THE VIRGINIAN-PILOT

                         THE VIRGINIAN-PILOT
                 Copyright (c) 1994, Landmark Communications, Inc.

DATE: SATURDAY, June 11, 1994                    TAG: 9406110327 
SECTION: FRONT                     PAGE: A9    EDITION: FINAL  
SOURCE: ASSOCIATED PRESS 
DATELINE: 940611                                 LENGTH: WASHINGTON 

NUCLEAR WEAPONS A SMALLER PART OF U.S. DEFENSE PLAN, REPORT SAYS

{LEAD} Nuclear weapons play a smaller role in U.S. defense than they have in any year since 1945, a Clinton administration review concludes.

Ashton B. Carter, assistant secretary of defense for international security, described the review Friday as covering the whole ``nuclear posture'' of the United States. He worked on it with a representative of the joint chiefs of staff.

{REST} Carter outlined his main concerns to an American Bar Association conference on halting the spread of all weapons of mass destruction. ``The first is proliferation in the former Soviet Union - I would say it's my principal preoccupation,'' he said. ``North Korea is a close second.''

Russia and the United States have agreed not to aim missiles at one another, though missiles could be quickly targeted again.

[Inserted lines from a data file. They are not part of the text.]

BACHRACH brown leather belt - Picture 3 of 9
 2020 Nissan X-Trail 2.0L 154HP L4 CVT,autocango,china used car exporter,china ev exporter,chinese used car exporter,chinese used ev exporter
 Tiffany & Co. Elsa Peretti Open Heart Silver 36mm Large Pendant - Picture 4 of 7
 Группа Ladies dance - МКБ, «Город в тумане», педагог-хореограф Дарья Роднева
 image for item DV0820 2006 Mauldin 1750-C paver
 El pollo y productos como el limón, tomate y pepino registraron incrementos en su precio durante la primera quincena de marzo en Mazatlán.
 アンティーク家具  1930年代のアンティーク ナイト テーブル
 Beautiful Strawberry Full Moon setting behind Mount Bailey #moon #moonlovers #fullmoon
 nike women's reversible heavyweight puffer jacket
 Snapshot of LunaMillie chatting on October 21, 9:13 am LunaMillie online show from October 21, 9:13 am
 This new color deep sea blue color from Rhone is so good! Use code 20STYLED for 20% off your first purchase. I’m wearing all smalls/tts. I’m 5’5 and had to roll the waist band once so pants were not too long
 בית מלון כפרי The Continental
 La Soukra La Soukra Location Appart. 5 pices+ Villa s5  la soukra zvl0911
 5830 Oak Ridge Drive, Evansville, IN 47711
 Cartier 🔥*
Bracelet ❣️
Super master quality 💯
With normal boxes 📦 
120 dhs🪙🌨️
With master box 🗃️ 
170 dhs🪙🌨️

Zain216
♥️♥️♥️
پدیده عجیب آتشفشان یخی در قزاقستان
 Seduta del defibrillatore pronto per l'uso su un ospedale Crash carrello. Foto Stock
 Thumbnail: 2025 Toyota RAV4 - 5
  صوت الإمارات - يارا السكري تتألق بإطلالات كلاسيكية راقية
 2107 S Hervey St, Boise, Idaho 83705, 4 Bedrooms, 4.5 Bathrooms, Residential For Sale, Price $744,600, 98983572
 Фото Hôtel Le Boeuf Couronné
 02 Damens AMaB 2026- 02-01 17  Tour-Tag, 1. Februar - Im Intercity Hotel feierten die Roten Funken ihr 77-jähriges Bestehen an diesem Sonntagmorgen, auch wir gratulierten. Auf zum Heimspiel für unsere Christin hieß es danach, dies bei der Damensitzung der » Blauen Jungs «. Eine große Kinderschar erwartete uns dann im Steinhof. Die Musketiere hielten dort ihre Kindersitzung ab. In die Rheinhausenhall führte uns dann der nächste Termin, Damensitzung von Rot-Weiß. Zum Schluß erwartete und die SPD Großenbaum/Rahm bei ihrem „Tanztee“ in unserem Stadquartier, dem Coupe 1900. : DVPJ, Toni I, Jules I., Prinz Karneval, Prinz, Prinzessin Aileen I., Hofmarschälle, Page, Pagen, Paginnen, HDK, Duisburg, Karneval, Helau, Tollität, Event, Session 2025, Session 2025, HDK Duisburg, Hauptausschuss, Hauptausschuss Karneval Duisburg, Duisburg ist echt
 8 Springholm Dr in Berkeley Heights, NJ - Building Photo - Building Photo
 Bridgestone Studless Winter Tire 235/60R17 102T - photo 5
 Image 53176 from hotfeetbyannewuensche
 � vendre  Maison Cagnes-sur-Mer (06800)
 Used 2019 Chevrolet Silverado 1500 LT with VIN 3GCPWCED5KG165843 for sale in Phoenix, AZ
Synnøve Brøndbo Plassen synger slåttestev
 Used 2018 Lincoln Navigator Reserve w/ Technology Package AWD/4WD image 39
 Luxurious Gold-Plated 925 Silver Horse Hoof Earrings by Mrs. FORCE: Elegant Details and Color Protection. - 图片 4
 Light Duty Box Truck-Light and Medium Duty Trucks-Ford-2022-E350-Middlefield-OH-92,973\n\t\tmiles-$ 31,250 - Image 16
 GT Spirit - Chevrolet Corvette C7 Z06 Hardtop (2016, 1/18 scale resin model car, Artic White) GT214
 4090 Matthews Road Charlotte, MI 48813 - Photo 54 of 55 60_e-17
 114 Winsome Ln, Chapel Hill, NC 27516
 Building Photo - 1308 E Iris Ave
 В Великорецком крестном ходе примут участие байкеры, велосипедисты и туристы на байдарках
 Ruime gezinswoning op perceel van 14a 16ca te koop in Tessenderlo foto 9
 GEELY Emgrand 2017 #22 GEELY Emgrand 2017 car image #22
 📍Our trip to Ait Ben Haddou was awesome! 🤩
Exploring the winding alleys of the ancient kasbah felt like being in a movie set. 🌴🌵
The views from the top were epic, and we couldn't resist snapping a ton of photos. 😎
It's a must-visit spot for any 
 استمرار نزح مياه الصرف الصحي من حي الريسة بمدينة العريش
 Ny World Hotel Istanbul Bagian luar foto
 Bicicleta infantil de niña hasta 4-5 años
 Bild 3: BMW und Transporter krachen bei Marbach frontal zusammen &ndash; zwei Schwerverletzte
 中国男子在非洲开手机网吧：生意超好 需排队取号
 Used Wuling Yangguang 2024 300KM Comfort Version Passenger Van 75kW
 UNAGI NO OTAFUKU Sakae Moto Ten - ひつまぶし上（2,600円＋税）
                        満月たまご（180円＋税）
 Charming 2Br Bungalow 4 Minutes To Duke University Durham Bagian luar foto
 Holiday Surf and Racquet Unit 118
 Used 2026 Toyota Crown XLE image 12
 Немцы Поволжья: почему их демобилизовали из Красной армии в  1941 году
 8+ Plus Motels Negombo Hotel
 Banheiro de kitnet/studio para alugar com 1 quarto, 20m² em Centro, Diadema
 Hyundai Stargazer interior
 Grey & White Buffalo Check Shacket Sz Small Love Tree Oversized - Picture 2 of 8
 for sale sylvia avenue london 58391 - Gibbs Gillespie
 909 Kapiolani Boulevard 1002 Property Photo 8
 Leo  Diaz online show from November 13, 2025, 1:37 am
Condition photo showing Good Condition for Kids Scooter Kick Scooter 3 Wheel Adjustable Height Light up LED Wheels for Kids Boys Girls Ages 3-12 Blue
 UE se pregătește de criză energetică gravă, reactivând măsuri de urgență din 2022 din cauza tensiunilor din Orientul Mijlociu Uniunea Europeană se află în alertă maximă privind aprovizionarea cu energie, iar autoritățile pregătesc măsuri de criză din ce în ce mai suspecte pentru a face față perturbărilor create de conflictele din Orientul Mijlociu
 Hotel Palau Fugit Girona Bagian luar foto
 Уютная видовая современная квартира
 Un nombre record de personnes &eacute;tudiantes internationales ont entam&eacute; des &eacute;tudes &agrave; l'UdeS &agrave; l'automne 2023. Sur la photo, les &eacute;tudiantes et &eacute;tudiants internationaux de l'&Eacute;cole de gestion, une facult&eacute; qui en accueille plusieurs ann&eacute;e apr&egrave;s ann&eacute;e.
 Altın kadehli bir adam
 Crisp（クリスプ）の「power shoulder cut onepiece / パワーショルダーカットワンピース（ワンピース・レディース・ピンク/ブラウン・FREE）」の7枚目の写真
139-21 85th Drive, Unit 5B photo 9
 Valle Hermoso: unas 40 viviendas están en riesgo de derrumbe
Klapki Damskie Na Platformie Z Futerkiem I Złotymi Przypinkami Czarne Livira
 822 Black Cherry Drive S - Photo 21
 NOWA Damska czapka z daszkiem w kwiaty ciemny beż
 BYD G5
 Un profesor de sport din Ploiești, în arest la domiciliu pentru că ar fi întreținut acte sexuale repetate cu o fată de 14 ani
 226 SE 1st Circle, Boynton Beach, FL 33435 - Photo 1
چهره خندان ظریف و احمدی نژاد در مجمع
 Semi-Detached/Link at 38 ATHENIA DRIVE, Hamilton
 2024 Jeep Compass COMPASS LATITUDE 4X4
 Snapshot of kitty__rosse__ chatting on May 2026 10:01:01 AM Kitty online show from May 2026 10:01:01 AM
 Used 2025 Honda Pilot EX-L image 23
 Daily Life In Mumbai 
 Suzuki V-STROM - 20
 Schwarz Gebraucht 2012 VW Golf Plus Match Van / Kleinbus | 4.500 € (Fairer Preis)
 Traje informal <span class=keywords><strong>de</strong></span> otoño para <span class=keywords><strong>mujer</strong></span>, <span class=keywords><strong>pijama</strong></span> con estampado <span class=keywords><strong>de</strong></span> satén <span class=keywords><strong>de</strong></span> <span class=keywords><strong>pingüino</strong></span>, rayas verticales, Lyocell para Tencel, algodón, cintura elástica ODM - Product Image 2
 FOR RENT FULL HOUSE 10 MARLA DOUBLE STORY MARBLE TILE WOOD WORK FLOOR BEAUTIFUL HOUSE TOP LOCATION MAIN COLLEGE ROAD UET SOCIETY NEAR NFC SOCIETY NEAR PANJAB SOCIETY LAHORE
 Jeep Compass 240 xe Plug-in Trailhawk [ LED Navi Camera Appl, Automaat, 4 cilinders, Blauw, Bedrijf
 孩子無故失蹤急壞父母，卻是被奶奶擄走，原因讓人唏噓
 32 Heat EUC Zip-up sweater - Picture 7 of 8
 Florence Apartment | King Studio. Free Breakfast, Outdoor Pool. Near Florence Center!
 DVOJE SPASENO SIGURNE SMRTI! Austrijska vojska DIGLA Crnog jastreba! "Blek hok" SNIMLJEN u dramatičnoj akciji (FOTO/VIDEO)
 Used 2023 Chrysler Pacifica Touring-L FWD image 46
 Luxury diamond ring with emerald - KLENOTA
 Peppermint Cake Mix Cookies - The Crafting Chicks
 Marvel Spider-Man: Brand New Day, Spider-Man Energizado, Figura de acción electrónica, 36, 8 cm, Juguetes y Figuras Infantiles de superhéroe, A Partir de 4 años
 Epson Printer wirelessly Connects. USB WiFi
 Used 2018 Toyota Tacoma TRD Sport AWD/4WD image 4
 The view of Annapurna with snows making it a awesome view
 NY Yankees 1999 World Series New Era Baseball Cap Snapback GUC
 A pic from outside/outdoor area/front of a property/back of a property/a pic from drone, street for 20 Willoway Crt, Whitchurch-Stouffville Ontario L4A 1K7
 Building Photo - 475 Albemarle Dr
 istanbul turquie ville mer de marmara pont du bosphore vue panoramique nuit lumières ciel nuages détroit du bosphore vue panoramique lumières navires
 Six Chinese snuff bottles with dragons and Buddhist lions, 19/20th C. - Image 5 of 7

Carter said the United States is keeping its nuclear arsenal as small as possible. Some weapons have been discarded, nuclear bombers no longer are on continuous alert, there is no more nuclear artillery and cuts are being made in other tactical nuclear weapons, he said.

In 1984, he said, the United States spent $47 billion, more than 13 percent of its military budget, on nuclear weapons; this year the figure is $12.4 billion, or 5 percent.